# General > General Knives & Blades >  Back At It

## crashdive123

It's been a while since I have had a chance to make a knife.  Sometimes life gets in the way of fun.  Here's my latest.

Guests can not see images in the messages. Please register in the forum.

Guests can not see images in the messages. Please register in the forum.

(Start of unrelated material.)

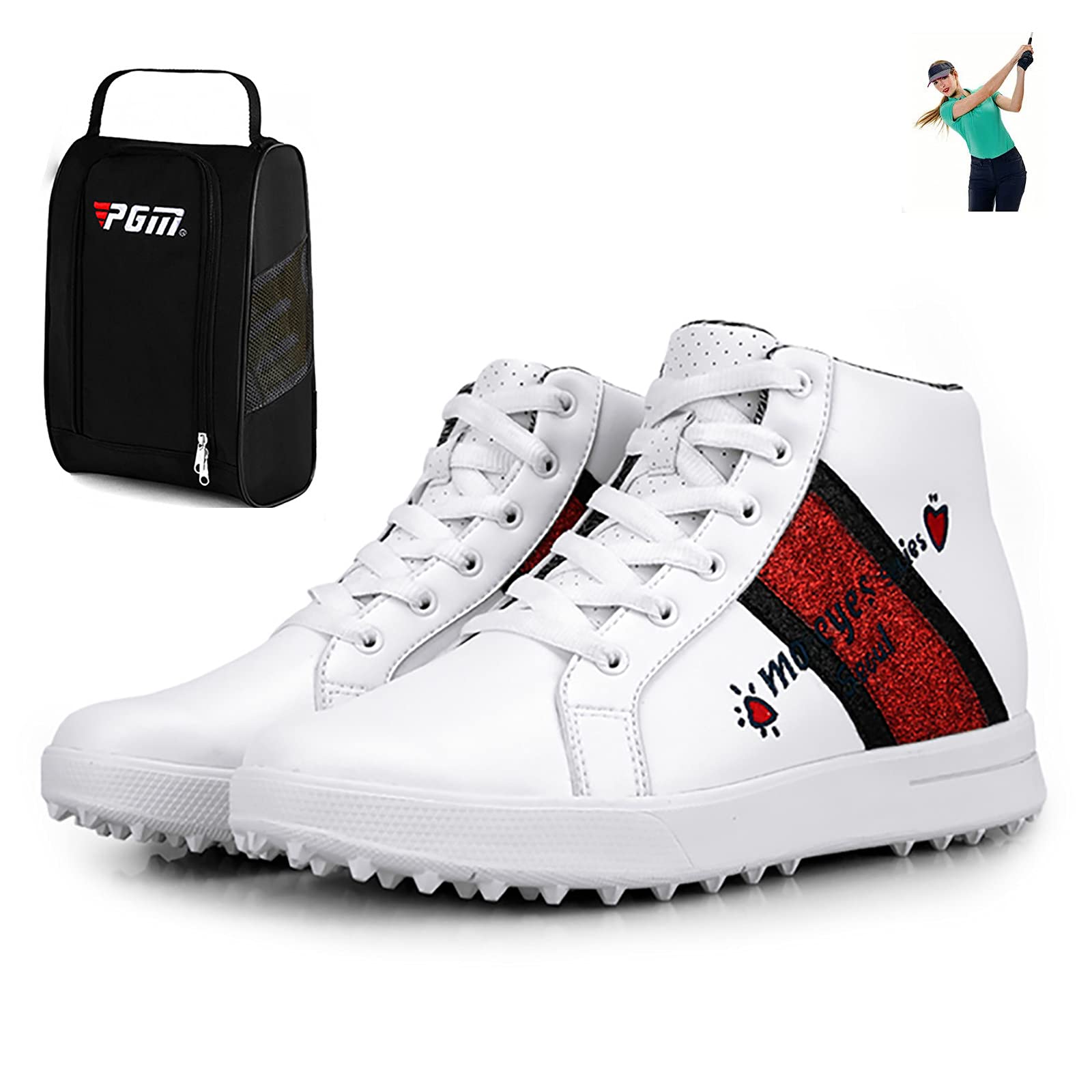XSJK Women's Golf Shoes - Breathable Sports Sneakers for Walking, Running, Gym & Casual Wear with Lace-Up Design (White, Size 37) - Perfect for Golf, Workouts & Everyday Comfort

Guests can not see images in the messages. Please register in the forum.

----------


## Alan R McDaniel Jr

What is the sheath made from?

Alan

----------


## randyt

that's a nice one

----------


## madmax

Beautiful.  You know I love those little neckers you make.

----------


## Rick

That's one purdy knife.

----------


## crashdive123

> What is the sheath made from?
> 
> Alan


Alligator.

----------


## Alan R McDaniel Jr

I'm glad to see you haven't lost your touch.  Especially now!

Alan

----------


## BENESSE

Gosh, that's beautiful. Might have to ax Santa for an early delivery. I've been (mostly) good.

----------


## Phaedrus

Another beauty!

----------


## knife nut

Great work!!

----------


## Mannlicher

ya done good Crash.    :Smile:

----------


## Walking Bear 1954

I like it nice and handy

----------


## Wildthang

I need a left handed knife.........!

----------


## crashdive123

I can do that --- or is it you just need a sheath for left side carry?

----------


## Pipercub

What is the blade made out of?

----------


## crashdive123

An old, rusty sawmill blade.  Probably L6 or 1095.

----------


## Wildthang

Just kidding about the left handed knife Crash, I have an ulu and it works great when you only have one hand!

----------